## [Your goal]
Copy the lines exactly. Begin at the first line of the data and stop after the line with "Altın çanak (70-90 cm)".

## [Material for the task]
——————————

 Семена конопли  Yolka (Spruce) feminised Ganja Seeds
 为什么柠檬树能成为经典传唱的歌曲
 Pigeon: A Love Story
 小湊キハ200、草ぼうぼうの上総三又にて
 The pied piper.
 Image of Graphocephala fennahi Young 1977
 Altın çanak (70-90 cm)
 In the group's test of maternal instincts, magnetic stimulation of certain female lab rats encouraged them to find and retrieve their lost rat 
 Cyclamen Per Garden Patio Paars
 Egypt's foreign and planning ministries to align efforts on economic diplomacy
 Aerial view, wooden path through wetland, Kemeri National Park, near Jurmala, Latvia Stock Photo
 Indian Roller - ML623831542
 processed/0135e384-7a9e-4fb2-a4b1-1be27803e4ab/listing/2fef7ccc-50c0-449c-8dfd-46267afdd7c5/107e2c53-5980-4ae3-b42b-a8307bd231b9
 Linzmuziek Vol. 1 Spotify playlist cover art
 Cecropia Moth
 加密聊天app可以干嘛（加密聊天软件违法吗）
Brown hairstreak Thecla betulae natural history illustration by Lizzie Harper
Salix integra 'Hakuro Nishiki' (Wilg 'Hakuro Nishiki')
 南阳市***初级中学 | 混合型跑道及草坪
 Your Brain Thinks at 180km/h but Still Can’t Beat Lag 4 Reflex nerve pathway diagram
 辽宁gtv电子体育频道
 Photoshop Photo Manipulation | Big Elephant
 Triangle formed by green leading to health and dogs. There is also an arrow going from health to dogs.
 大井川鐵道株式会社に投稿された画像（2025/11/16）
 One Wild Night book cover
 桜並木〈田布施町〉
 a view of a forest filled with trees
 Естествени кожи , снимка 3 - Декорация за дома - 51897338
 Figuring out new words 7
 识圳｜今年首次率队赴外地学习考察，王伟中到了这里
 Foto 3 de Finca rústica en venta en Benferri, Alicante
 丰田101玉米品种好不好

——————————

## [Written solution]
 Семена конопли  Yolka (Spruce) feminised Ganja Seeds
 为什么柠檬树能成为经典传唱的歌曲
 Pigeon: A Love Story
 小湊キハ200、草ぼうぼうの上総三又にて
 The pied piper.
 Image of Graphocephala fennahi Young 1977
 Altın çanak (70-90 cm)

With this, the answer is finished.